OH: There is a human-centered design approach that IDEO, and places like it, have really popularized. And the reason that IDEO is so successful is because it works. There is a whole methodology out there on design research—which is distinctive from market research—that a lot of people don’t pay attention to.
When you design in a human-centered way, you take product development out of the vacuum; the development of the product goes hand-in-hand with how people are reacting to it. There are certain techniques: not asking very specific questions, not giving closed questions. Everyone wants to say, “What do you think of this? Would you use this?” And almost everyone says “yes”, when the real answer is probably “no”. I think the key is to say something along the lines of, “What does this look like to you?” Then watch. If it’s an app, that means sitting over their shoulder and literally seeing what they are clicking on and what they are confused about. All those things are going to be so important. [With Sportaneous], I think we would have benefited a ton and saved a lot of time, and ultimately money, if we had from day one, literally shown the app to the same people that we were building it for.
SS: Sportaneous evolved from an app for organizing pick-up sports games to a booking platform for fitness classes. Pivoting seems inevitable for most startups. What can early-stage startups do to be pivot-ready when that time comes?
OH: It’s a really good question. Because it’s just human nature; you end up getting attached to whatever your idea is and the more you invest in it, the more you want that idea to work. It’s really important from early on to be cognizant of what hypothesis you’re testing and really treat it in your mind the whole time like a science experiment. My hypothesis is that [something will work], but if it doesn’t I’m not going to be heartbroken, because it was just a test. It’s really important not to get emotionally invested in tests. It’s great to be emotionally invested in the 10,000-feet-above-the-ground mission that you have, and the industry that you want to help or change. But for your specific idea, define from early on what “success” means and test it in a very simple way.
SS: Sportaneous was acquired by Greatist this past April. Now that you’ve spent half a year inside another startup, what points of comparison can you draw? Is there anything you’ve observed here that you would say is a “best practice”?
OH: I think that [culture] is something that Greatist has done remarkably well, and something that I don’t think we paid enough attention to at Sportaneous. We have a Smiles Director [at Greatist]. Literally, her only job is to make everyone happy and plan events and put things into place in the culture—little rituals and things every day and every week that we do. That really does make a huge difference. When you are underpaying people relative to what they could get in a private sector job or out in the market at a bigger company, these little intangible things that remind us all why we are here and of the difference that we are making are super important. It’s hard to do that when you have an overworked management team and everyone is stressed out and doing too much. That is something I have really learned from Greatist – that emphasis on culture. And it’s never too early. Even if you are two people in a room you can just create traditions. I think hiring someone early on to help with that was a really smart investment.
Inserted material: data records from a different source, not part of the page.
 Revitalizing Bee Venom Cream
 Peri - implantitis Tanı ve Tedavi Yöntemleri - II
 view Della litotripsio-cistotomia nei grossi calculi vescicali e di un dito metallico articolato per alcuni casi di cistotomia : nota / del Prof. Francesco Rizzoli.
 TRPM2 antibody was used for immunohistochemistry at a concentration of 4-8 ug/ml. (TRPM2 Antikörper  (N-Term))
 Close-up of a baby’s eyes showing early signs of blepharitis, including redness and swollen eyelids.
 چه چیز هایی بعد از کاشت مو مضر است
SS: So, that’s it for the hard questions. To close, if you would, I’d like you to get on your “soapbox” and share your view on social media in the context of starting a business today.
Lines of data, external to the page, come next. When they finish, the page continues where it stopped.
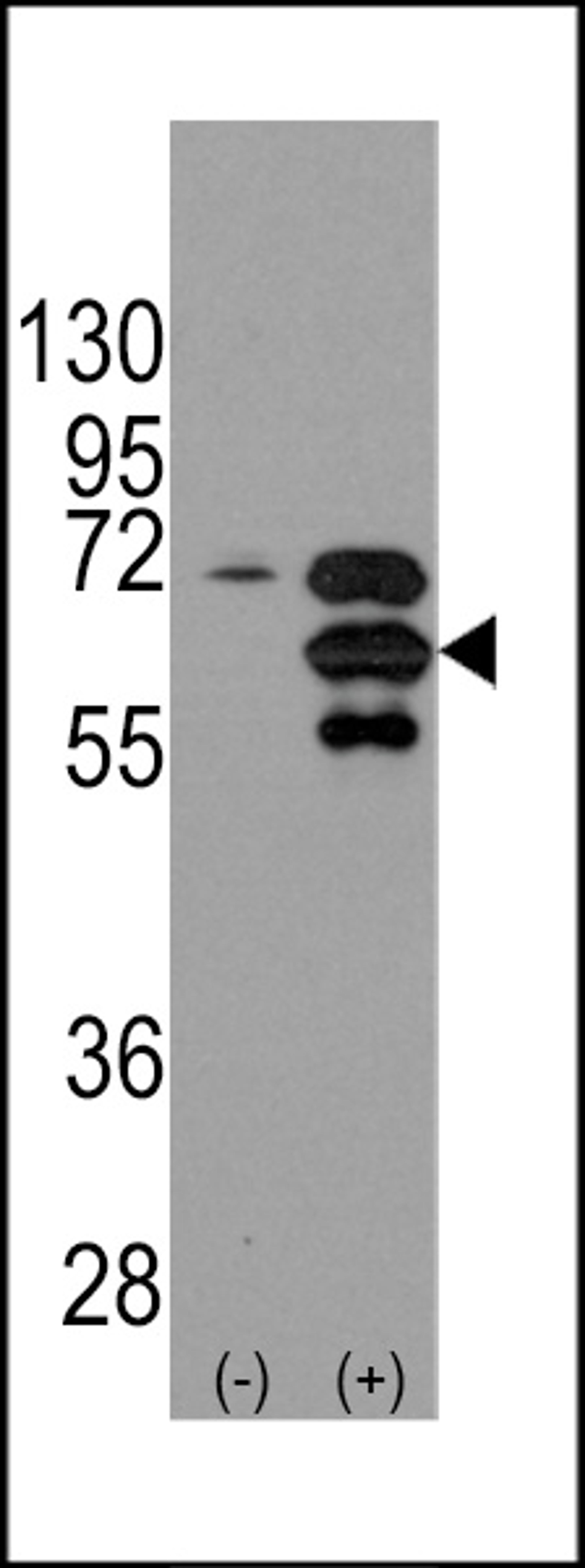 Western blot analysis of INA using rabbit polyclonal INA Antibody using 293 cell lysates (2 ug/lane) either nontransfected (Lane 1) or transiently transfected with the INA gene (Lane 2).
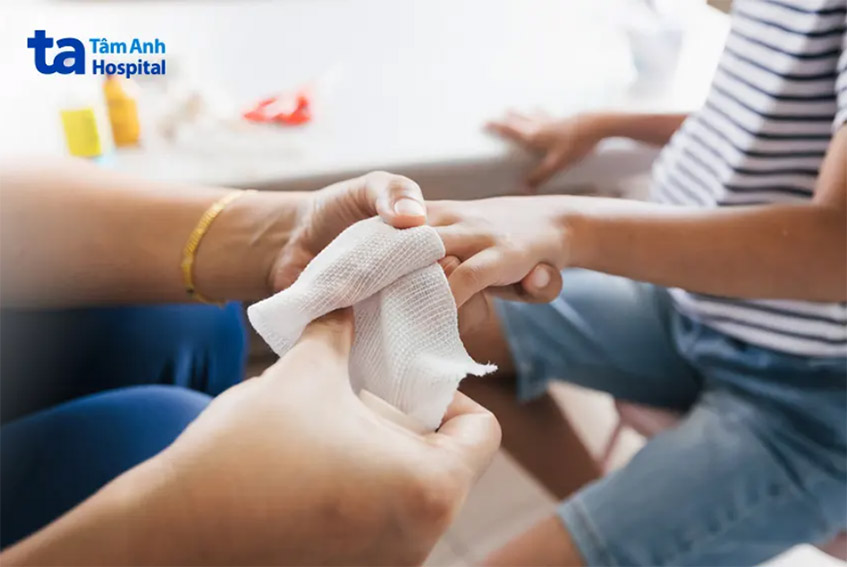 Băng bó quá chặt có thể làm ảnh hưởng đến thời gian hồi phục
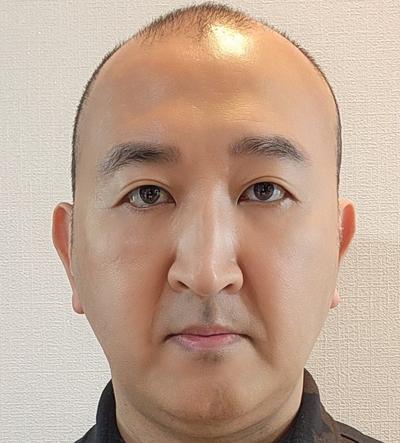 눈밑지방재배치 3주차, 다크서클 개선되고 인상 깔끔해졌어요 사진 4 — 아바성형외과 눈밑지방재배치 후기
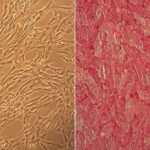Human Brachiocephalic Artery Smooth Muscle Cells: HBcASMC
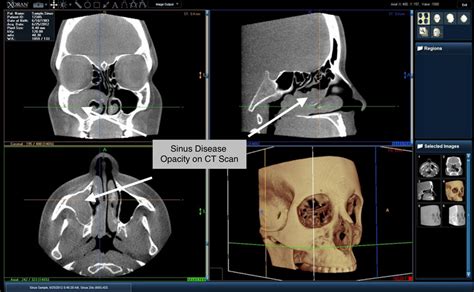 In-Office-CT-Scan-sinuses - Otolaryngology Specialists of North Texas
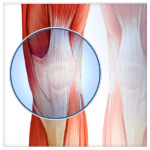 Knee Surgery - Naples - Dr. Mead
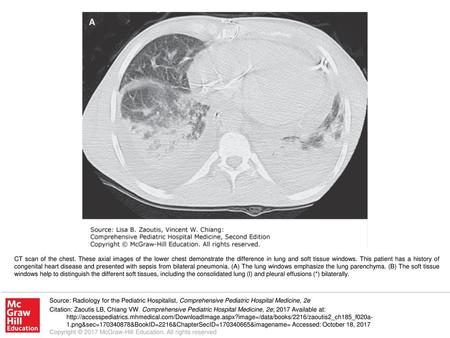 CT scan of the chest. These axial images of the lower chest demonstrate the difference in lung and soft tissue windows. This patient has a history of congenital.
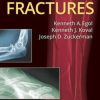 Handbook of Fractures, 5th Edition (EPUB)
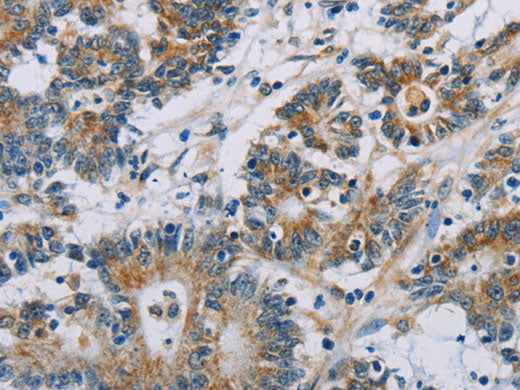 CSNK1E Polyclonal Antibody Store at -20°C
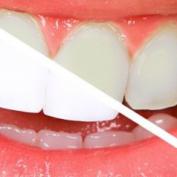 Sbiancamento denti Bari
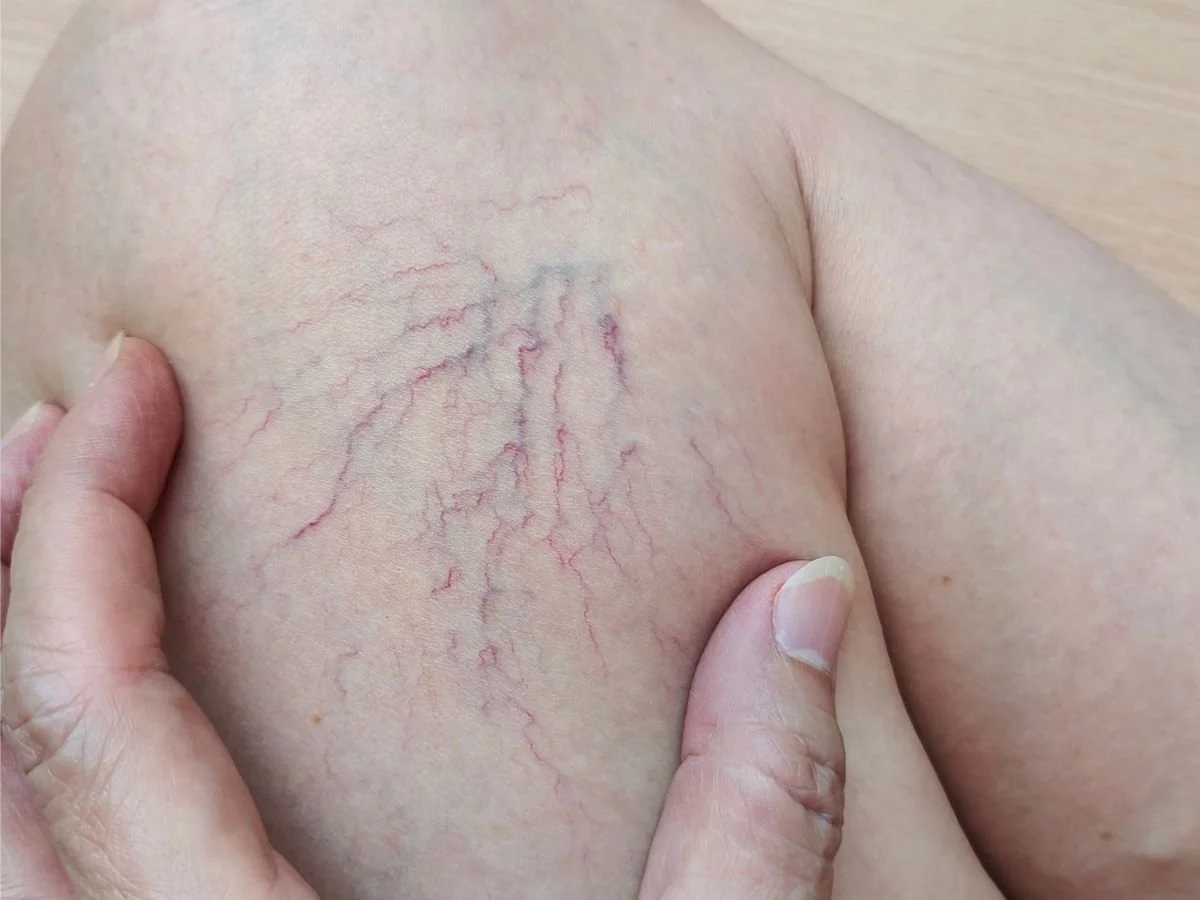 Are Spider Veins Preventable? What Miami Patients Should Know Before Treatment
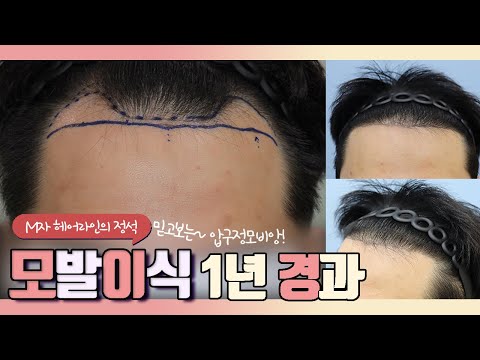 20대 후반 남성,비절개 2200모, M자 모발이식 1년 경과영상!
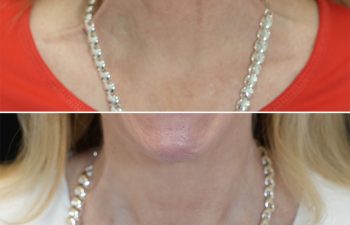 60 year old before and 1.5 weeks after botox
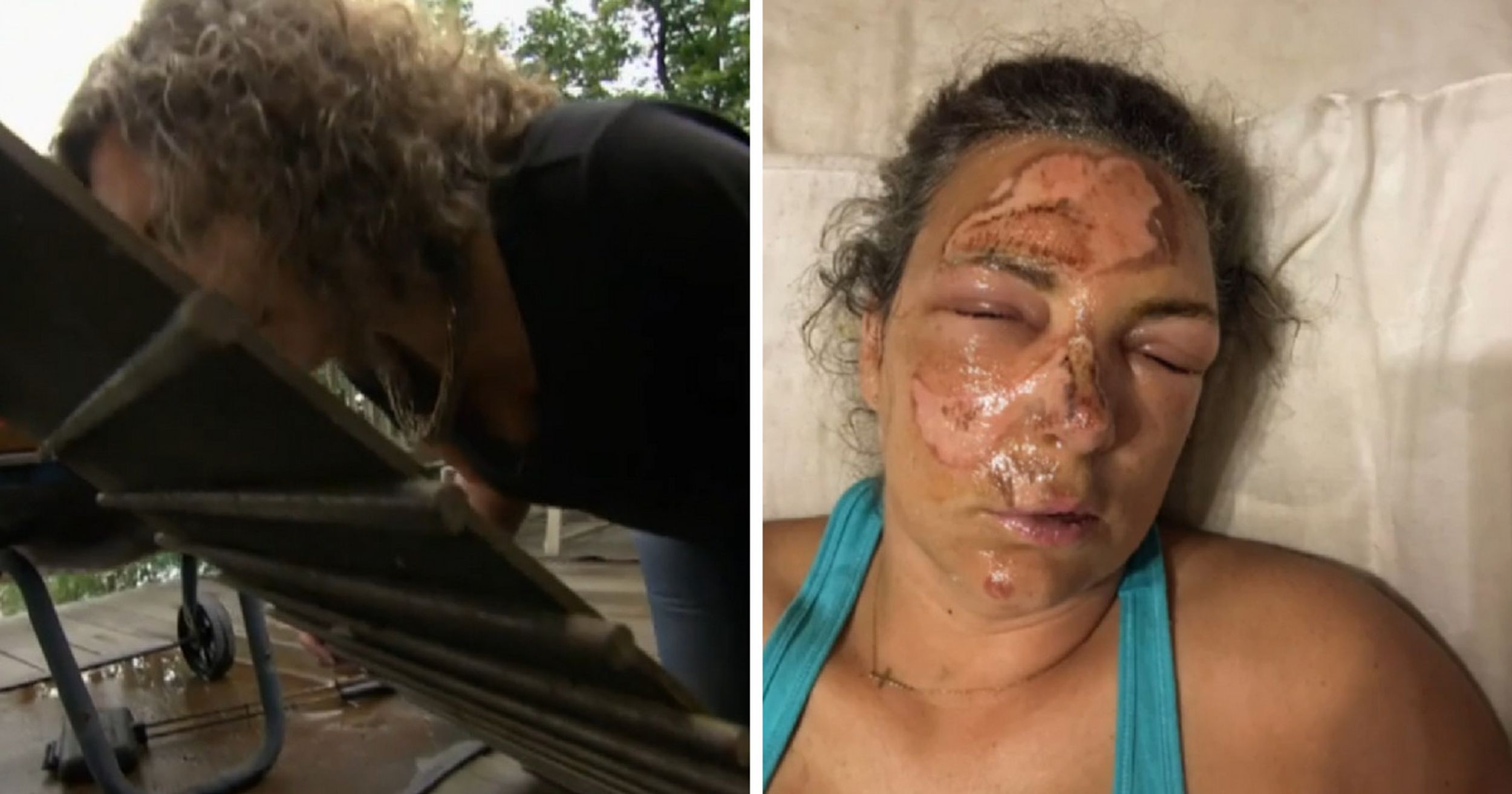 Husband's Quick Thinking Saved Wife's Face After She Fell Onto Hot Grill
OH: It’s almost a cliché now to say that it’s super important. And I think the way in which you’re thinking about it strategically is more important than anything. On its own, it’s very hard to get a social following unless you are providing some sort of value. The easiest way to start if you don’t yet have a product out there is content.
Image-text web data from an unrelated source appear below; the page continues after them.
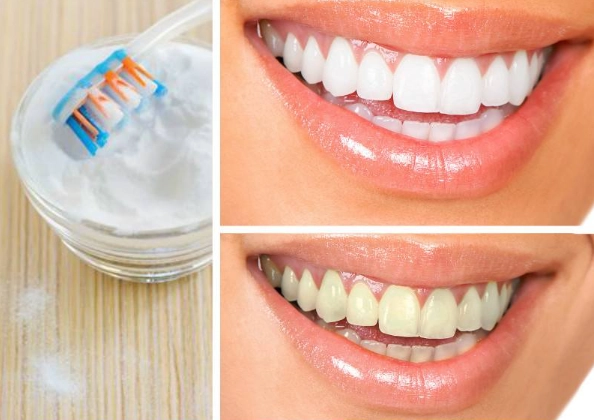 home teeth whitening kits home teeth whitening kits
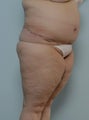Body Lift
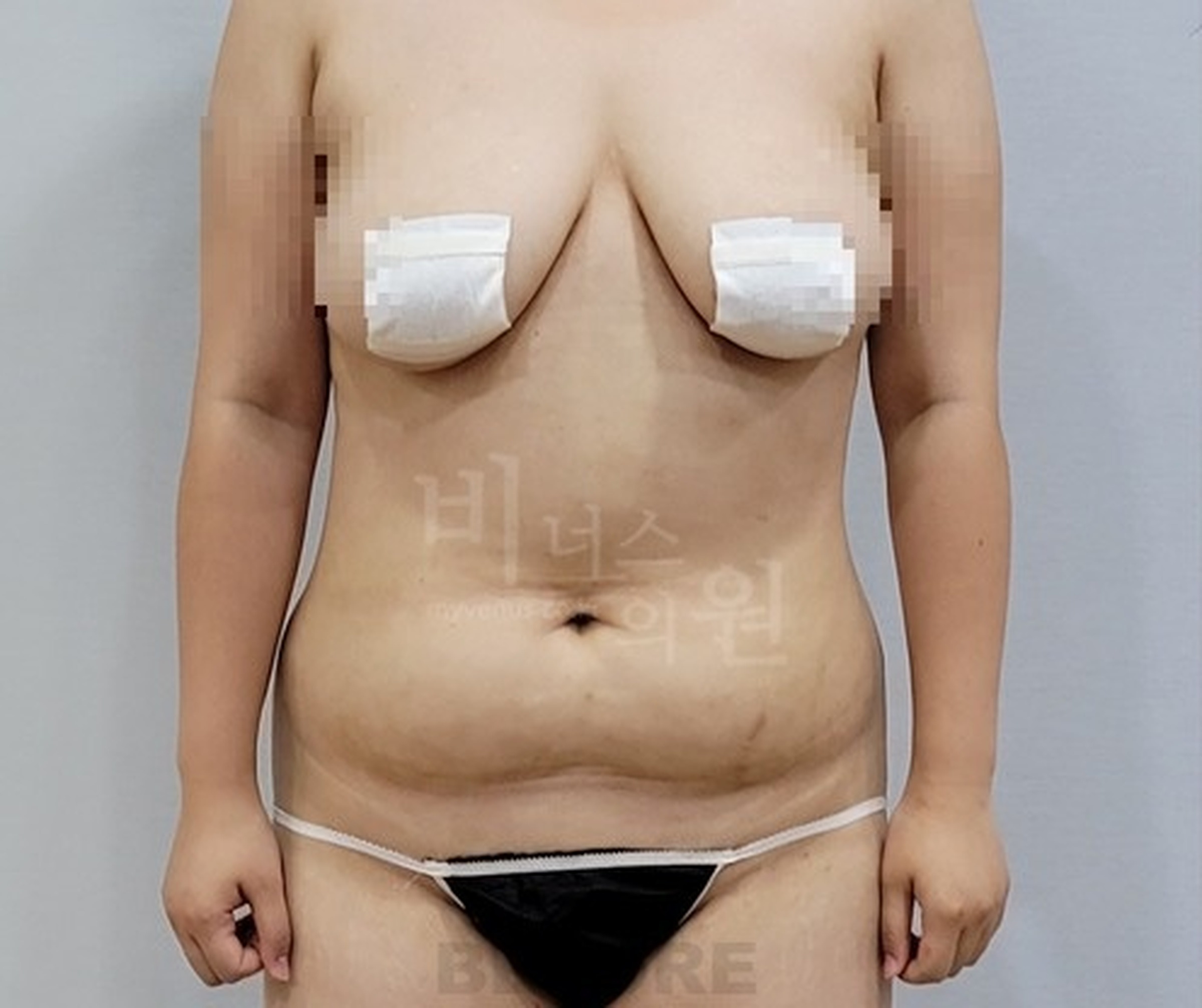 복부 지방흡입 수술 전 정면 사진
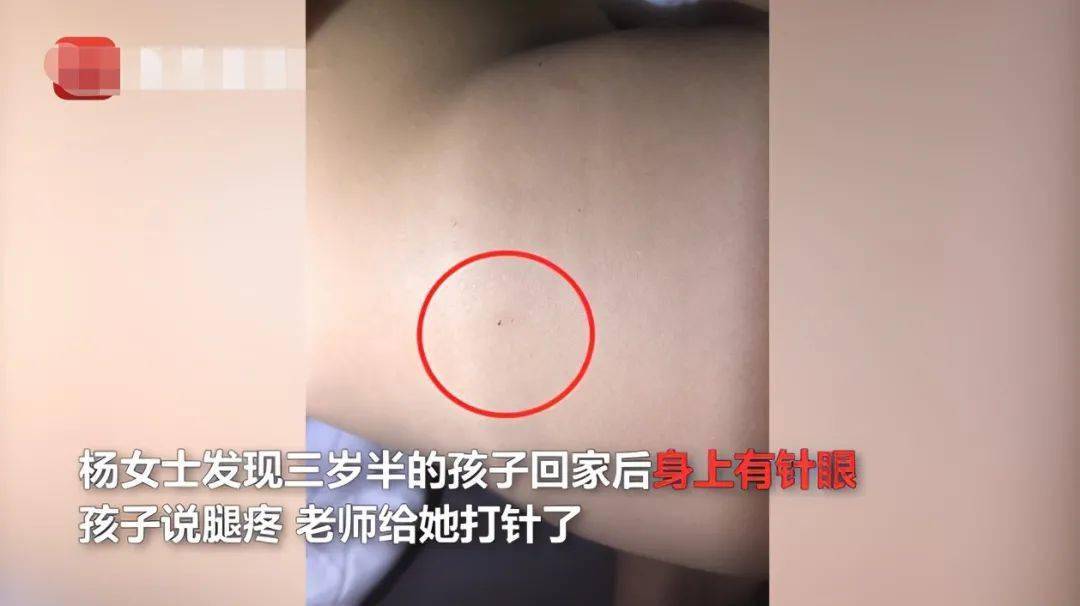幼儿园3岁孩童身上现29处针眼:老师在我身上打针了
Social media in my mind is basically modern day word of mouth. It would have been bizarre before the Internet for a business to say, “I’m going to focus on creating word of mouth just by telling everyone I’m really good.” That would make no sense. You have to do something first to get word of mouth. Tell stories that people will want to repeat. Do something that really deserves people talking about it—give something away, for example. You have to think hard about an authentic voice and why anyone should be expected to follow you. By investing early on in blogging and creating pieces of content that people in the community that you are trying to reach actually care about, you can start to build a following.